> Work task: Looking at the data below, how many lines include the word "Blue"? Respond with the number only.

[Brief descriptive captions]
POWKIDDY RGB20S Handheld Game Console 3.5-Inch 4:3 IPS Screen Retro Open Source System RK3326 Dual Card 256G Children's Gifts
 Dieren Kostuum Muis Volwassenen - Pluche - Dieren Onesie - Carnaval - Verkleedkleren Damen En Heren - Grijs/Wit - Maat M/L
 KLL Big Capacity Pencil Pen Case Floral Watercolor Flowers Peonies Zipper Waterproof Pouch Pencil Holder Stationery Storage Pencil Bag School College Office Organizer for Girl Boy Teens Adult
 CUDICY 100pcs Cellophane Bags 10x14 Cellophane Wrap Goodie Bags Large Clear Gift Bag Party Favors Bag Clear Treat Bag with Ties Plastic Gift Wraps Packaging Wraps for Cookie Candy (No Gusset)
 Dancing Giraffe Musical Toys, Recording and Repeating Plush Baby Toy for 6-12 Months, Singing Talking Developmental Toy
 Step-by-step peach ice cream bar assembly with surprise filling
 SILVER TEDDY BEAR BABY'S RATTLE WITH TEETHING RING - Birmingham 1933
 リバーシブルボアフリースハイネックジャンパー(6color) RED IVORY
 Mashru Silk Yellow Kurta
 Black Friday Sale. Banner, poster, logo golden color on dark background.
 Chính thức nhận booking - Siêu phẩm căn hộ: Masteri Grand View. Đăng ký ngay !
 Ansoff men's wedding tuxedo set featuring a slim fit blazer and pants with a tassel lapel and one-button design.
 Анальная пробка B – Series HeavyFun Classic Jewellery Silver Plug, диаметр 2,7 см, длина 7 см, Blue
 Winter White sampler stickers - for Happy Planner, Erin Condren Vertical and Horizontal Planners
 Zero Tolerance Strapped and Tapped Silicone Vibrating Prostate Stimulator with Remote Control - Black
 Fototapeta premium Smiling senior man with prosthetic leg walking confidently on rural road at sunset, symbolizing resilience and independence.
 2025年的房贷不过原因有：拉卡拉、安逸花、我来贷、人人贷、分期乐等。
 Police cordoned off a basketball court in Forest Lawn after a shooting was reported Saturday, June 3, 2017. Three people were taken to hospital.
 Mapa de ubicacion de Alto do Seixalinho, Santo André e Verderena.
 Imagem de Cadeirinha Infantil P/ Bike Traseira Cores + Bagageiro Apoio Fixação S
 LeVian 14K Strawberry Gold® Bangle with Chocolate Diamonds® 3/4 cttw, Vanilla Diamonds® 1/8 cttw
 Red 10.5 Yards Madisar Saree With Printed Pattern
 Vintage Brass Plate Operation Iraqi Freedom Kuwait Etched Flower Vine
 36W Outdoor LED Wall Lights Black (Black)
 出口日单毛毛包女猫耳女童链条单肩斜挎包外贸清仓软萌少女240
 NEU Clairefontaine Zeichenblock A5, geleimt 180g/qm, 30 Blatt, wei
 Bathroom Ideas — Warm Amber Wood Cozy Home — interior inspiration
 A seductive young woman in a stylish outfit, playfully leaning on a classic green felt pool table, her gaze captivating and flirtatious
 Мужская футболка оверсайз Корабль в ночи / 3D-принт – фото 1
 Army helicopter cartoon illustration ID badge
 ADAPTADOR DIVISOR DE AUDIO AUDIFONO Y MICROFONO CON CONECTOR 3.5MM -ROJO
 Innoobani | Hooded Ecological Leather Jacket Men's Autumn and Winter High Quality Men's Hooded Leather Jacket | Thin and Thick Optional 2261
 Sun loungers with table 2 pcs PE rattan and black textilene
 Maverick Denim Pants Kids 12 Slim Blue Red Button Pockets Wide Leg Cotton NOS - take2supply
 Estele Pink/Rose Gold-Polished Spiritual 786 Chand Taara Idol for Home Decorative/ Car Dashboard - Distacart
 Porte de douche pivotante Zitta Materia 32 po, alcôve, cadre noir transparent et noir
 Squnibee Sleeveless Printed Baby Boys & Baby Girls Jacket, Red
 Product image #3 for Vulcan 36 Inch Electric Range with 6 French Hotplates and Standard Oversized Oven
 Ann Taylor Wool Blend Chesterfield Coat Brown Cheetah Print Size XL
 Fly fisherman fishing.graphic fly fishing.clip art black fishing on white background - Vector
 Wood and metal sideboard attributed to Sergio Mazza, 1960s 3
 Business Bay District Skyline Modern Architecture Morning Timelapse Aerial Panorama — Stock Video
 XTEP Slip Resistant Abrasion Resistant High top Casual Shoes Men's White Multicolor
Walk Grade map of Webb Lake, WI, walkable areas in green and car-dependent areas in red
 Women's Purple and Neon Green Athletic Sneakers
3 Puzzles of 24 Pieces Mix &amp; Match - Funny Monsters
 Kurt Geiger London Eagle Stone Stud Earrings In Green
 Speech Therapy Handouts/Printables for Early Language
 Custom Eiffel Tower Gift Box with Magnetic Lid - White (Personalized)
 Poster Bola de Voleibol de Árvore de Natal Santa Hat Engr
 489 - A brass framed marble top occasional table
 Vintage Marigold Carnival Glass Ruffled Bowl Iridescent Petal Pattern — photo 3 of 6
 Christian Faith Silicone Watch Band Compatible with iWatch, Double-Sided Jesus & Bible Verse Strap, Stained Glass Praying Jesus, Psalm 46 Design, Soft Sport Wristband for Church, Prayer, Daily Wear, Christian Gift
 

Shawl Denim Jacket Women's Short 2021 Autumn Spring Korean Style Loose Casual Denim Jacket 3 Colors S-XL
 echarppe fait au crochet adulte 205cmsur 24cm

> Written answer: 2